"We really dodged a bullet," I said as we got to the airport this morning and saw on the big board that our flight into Newark was ON TIME.
As soon as I realized what I'd said, my heart hit the pit of my plummeting stomach with headline after headline screaming the insanity of the tragedy in which Representative Gabriel Gifford, Judge John Roll, third-grader Christina Green, Dorothy Morris, Phyllis Schneck, Dorwin Stoddard and Gabriel Zimmerman did not dodge bullets.
It hit me right between the eyes how much gun violence has crept into our everyday vernacular. From Sarah Palin's crosshairs aimed right at Ms. Gifford's district to a "kill shot" in beach volleyball, to "pulling the trigger" on a business deal. A hit song is "Number one with a bullet." An associate will be lauded for "taking a bullet" for the team. How many times have you "shot yourself in the foot", taken a "shot in the dark," been "shot in the back" or had your idea "shot down"? When you made easy money, was it like "shooting fish in a barrel"? When things were tough, did you "look down the barrel of a gun"? When you are trying to be especially persuasive, did you come out with "both barrels blazing, after being "locked and loaded"?
We are a nation that was in many ways built on guns. Firearms are woven through the mythology and fabric of American history and culture. I grew up idolizing and emulating heroes from the Wild West, where men didn't leave their house before slapping on their cowboy hats and strapping on their six-shooters. But the Wild West died with Butch Cassidy and the Sundance Kid. Arguments over card games at saloons don't end with the two fellers throwing down on each other, the loser keeling over in a blaze of fire and smoke.
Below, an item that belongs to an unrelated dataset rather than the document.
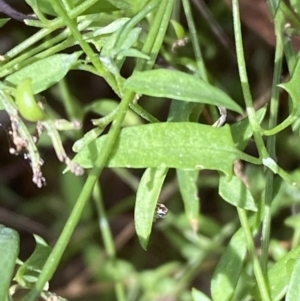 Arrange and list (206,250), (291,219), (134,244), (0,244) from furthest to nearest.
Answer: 1. (134,244)
2. (206,250)
3. (291,219)
4. (0,244)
I've heard over and over again after the Arizona tragedy that what we need is more guns in more hands. In fact, Republican Representative Louis Gohmert has reacted to this unspeakable horror by proposing that lawmakers arm themselves in Washington, D.C. and Americans have flocked in record numbers to buy guns in the wake of this latest maniac's shooting spree.
The answer isn't more violence. To evolve as a nation, as a species, we need to change the basic way we think about guns and violence. I don't want my daughter growing up in a country where she has to go to school with an Uzi next to her "Dora the Explorer" lunchbox. Yes, Americans should be able to hunt. Personally I would prefer it be done with a bow and arrow, to level the playing field, but I understand that some people want to hunt with guns. If this is done humanely and sensibly, it seems reasonable. And everyone should have the right to defend themselves. Absolutely. But are we really expected to believe that a deer should be murdered with a semiautomatic weapon? That the only way a person can stop an intruder is to blow them away with a gun that shoots dozens of bullets a minute? Recently I watched some horrifying video of a young boy, 10 or 11, firing an assault weapon at a gun show while being supervised by a 15-year-old "instructor." Meanwhile, his dad videotaped the whole thing. That boy is now dead.
It's just too easy to get an assault weapon. They need to be banned. Let's make it harder to get a gun by, for example, administering a much more comprehensive test, just like with a driver's license. Make sure the test is evaluated by professionals during a longer waiting period. Let's crank up the efforts to track down criminals who traffic stolen guns. Let's be more vigilant for signs of violence and not stigmatize and provoke, but provide necessary help. I don't want guns to be concealed. I wanna know when somebody's carrying a gun. Let's tell the National Rifle Association that they should be ashamed of themselves. And let's rethink how we casually use language of violence every day.
Today, as we mourn and grieve, I want to see Americans use this tragedy to take stock of ourselves as a country. And please, let's do everything humanly possible to literally, instead of figuratively, dodge the next bullet.